Economic and financial conditions can quickly alter trading patterns. The Mexican peso has weakened against the dollar in recent months, making some U.S. products more expensive and Brazilian chicken more attractive to some Mexican buyers.
And while U.S. sales of some crops and meat to Mexico have slowed, the country is buying more U.S. beef and eggs, USDA data for the first four months of the year show.
Still, some U.S. agriculture officials worry that the uncertainly around trade could jeopardize a market that last year bought roughly 13% of total U.S. agricultural exports, at a time American farmers are struggling with low prices. Last week, the U.S. Grains Council, a trade body focused on developing grain exports, dispatched its board of directors to Mexico to emphasize U.S. crop producers' commitment to the country.
"Certainly, we're concerned," said Tom Sleight, the group's chief executive, who has made multiple visits to Mexico since February. "There's a palpable interest on the part of Mexico -- I've heard it referred to as 'Plan B' consistently by the Mexican folks -- to reduce dependence on the U.S., in agricultural commodities, and source those elsewhere."
Concerns have arisen in the U.S. poultry sector that jousting over U.S.-Mexico trade policy could drive Mexican buyers toward Brazilian meatpackers, which have seized on a 2013 move by Mexico's government to allow duty-free poultry meat imports from that country and others. Brazilian chicken sales to Mexico have surged to 52,800 metric tons last year from 387 metric tons in 2013, according to the U.S. Poultry and Egg Export Council, and Brazil has further increased its poultry exports to Mexico this year.
"They're trying to send a message to the [poultry] producers in the U.S.," said Jeremy Scott, analyst with Mizuho Securities USA LLC. But due to its proximity, he said, "the lowest-cost chicken for Mexico is always going to be in the U.S."
Mr. Sleight of the U.S. Grains Council also said Mexican cattle ranchers and hog farmers may be placing fewer long-term orders for U.S. grain partly because ample supplies mean that prices aren't likely to jump significantly. Yet a shift toward short-term buying also reflects Mexican purchasers' uncertainty around trade relations with the U.S. ahead of the Nafta renegotiation, he said.
"There's some anxiety on all sides," the USDA's Mr. Perdue said in a press briefing last week.
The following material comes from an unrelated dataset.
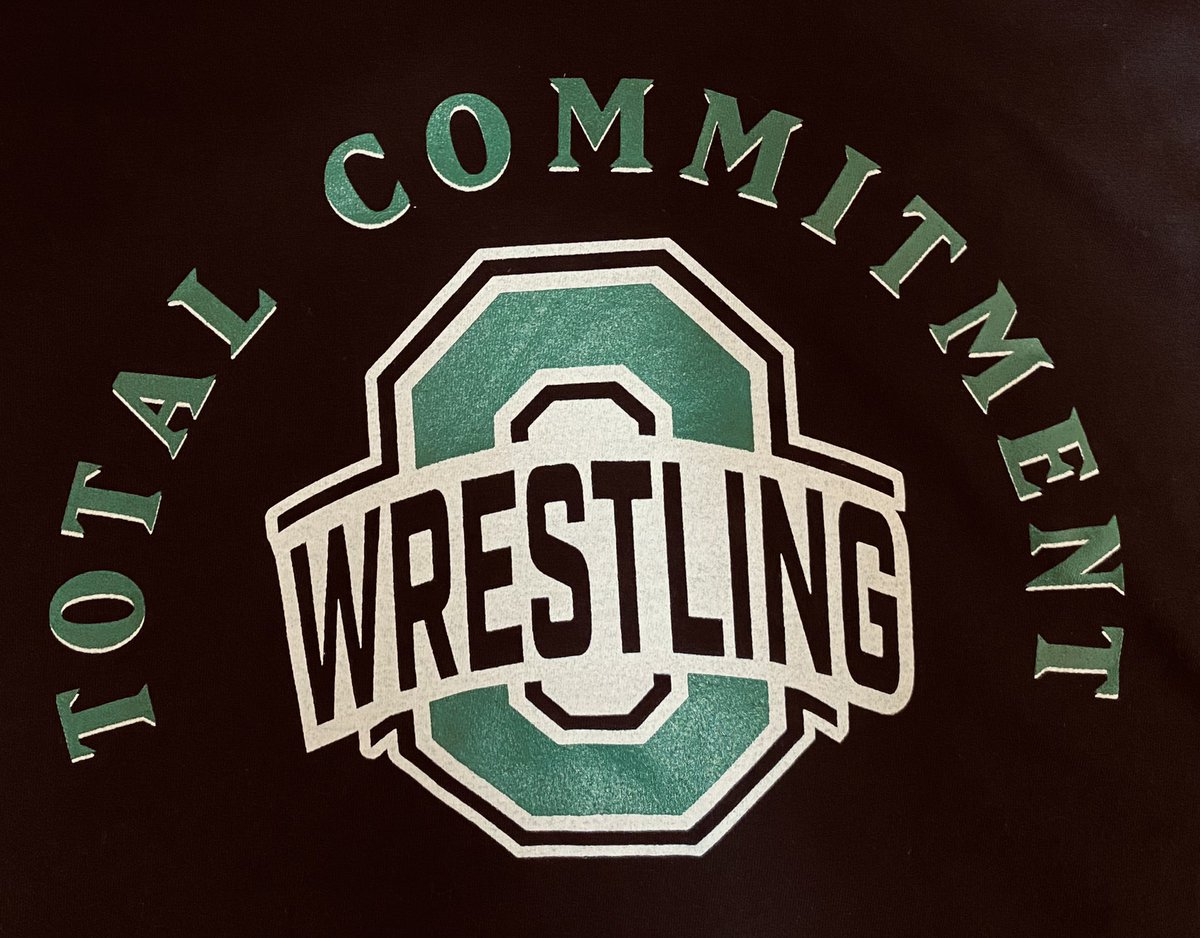ola_wrestling's tweet image. 29 wrestlers opened our season this w/e. This is a special group. Excited about doing it again next w\e at home. @Compoundwrestle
But he added that Mexico's outreach to South American suppliers may be "a negotiation strategy to let the United States know there are other alternatives."
U.S. farmers and agribusinesses still have the capability to quickly deliver grain and meat to Mexico at cheap rates and that could be hard for South American competitors, which rely on oceangoing vessels, to replicate. "Nobody can do it better, nobody can do it safer, and nobody can do it more logistically friendly than the U.S., and Mexico knows that," said Mr. Perdue.
Mexico's Mr. Urteaga said that last month's visit to Brazil and Argentina showed that those countries' grain can compete on price with U.S. crops. A 25,000-ton shipment of Argentine wheat booked on that trip is due to arrive on Mexico's shores within the next two months, he said.
Mexico values its close ties to the U.S. on food trade, and doesn't want to abandon those, Mr. Urteaga said. "But it is true, there is also some sense of wariness when all these companies hear or read in the media that the Nafta trade talks may not go the way everybody is expecting."